They responded by producing three plays in March this
year with the cooperation of the Belconnen Community Centre which waived
theatre charges. They approached Ivor Selby, 58, a man of 40 years’
theatrical experience, to direct two of them. The timing could not have
been more felicitous.
“I suppose I have directed 30 or 40 plays, but
I really had retired,” Mr Selby said yesterday. “But then
my son was killed in a motorcycle accident. My wife told me, ‘you
either get back into theatre or you’ll go nuts’. So I did
and it’s been a magnificent experience. There is just an unbelievable
amount of talent in the group; lots of young people, some still at school,
some out of work, others who have come back to theatre. It really is
tremendously exciting.”
And as for the play, “there’s just so
much energy. George Huitker, who also acts in it, enters in a cartwheel,
and that’s just the beginning.”
Fear and Misery is an adaptation of the Bertold Brecht
work on Hitler’s Germany. However, the 24-year-old playwright
has halved the scenes and rewritten the work to place it in 2039. “I
have made the characters almost caricatures and the theme is fear of
totalitarianism,” Mr Huitker said. “But the amazing thing
is that people see it as a commentary on today’s politics. They
can identify the characters among today’s politicians.”

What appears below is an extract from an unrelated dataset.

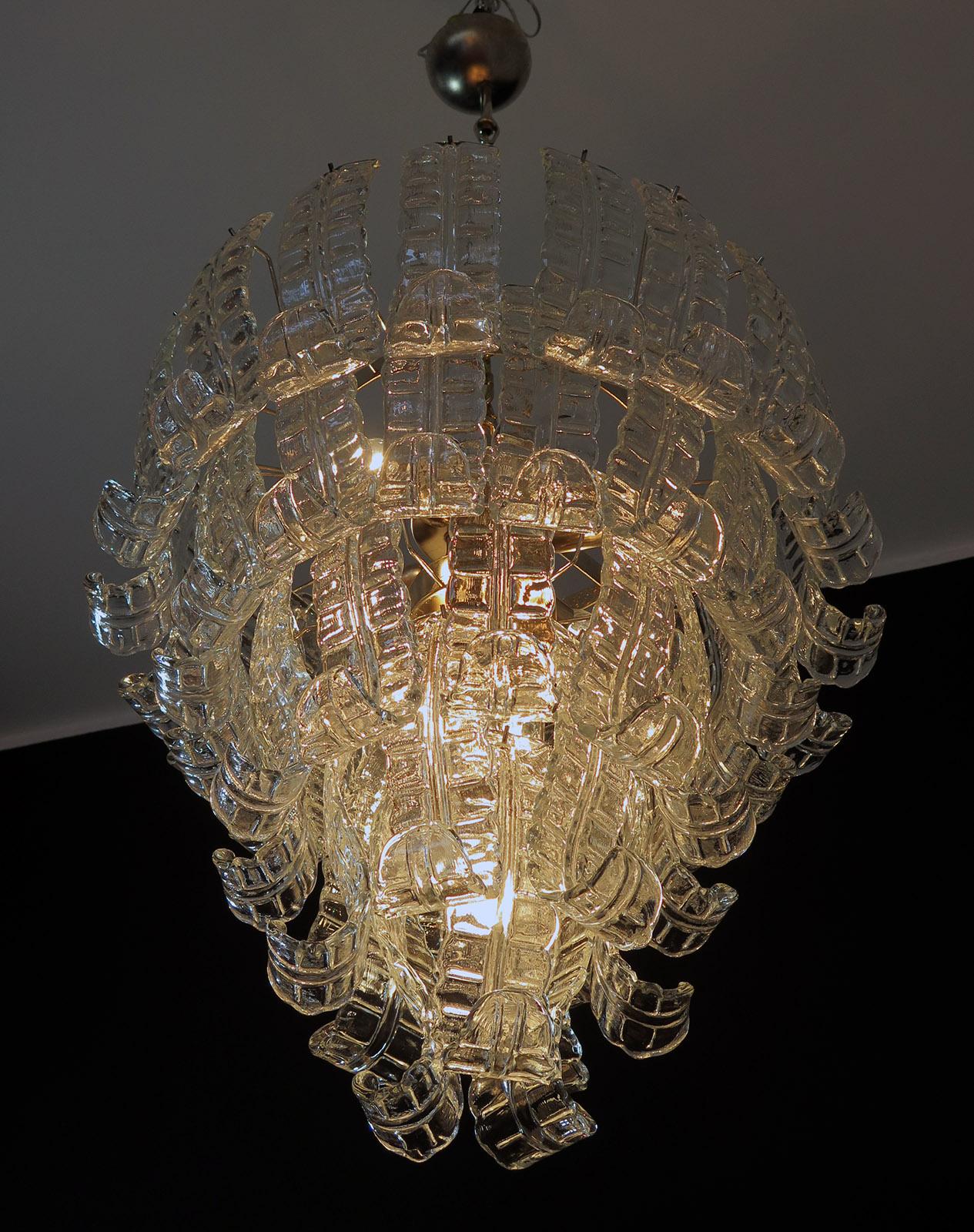 Italian Murano Six-Tier Felci Glass Chandeliers, 1970s For Sale 4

There are 32 characters played by about 22 cast members.
No fewer than 70 costume changes take place under the supervision of
Melody Lightbody who has made all the costumes for a total $50. “She
is astonishing,” Mr Selby said. “But they all are.”
Three six-day seasons have been booked at Belconnen
for next year, one coinciding with the National Theatre Festival. “If
this means that we will be able to develop a fringe around the festival,
that really will be satisfying, “ he said.
The Canberra Times
“The Bitch that bore him,” Brecht was
fond of reminding us in regard to Hitler, “is on heat again”.

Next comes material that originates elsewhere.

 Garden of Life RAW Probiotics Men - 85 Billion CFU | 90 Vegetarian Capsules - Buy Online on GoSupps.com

Indeed it would seem so if George Huitker’s youthful, up-to-date
and witty adaptation of Brecht is any guide. For he finds in the year
2039 (for which read 1991) elements of apathy, laziness and veniality
sufficient to plunge us all into a Fourth reich if we’re not careful.

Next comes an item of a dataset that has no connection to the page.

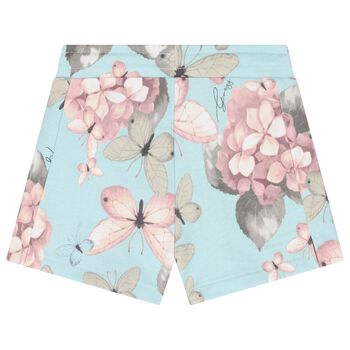 Girls Blue Logo Floral Shorts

Not at all your inaccessible Brecht, Fear and Misery
consists of 10 short, rounded scenes, set in a hypothetical fascist
state ruled over by Metal Mother (Margaret Tudor), a harridan dressed
in enough foil to insulate a tank. The cast, is guided by director Ivor
selby into a series of genuine performances. Whether playing pastiche
trollops, torturers and soldiers or realistic mums, dads and assorted
“riff-raff”, these performers, most of whom I had never
seen before, represent a new and talented generation of stage interpreters.
The colourful costumes designed by melody Lightbody
take us into a bright but desperate future - if we let it happen to
us.
Tanya Greve, as a strong-minded victim, and Matt Taylor,
as her tortured torturer, remain in the mind for the power of their
acting. Teena, Les and Natasha Menezes as the Grumblebum family in a
little play reminiscent of Brecht’s The Informer show us a nicely-judged
two-dimensional family ridden with fear of the Reich. Felicity Boyd
plays a sharply-timed assortment of fascists, spies and bimbos.
I would question Selby’s
decision to play the scene changes so quietly and slowly, and to give
the generals and agents Nazi accents. After all, if Goulburn
is the centre for incarceration and Braidwood the home of the mindless,
then the accents should be ours.
Still it is all just good, disturbing fun, with parts
for a huge cast and an opportunity for the actors to speak out some
rhyming couplets about the environment, and the current political climate.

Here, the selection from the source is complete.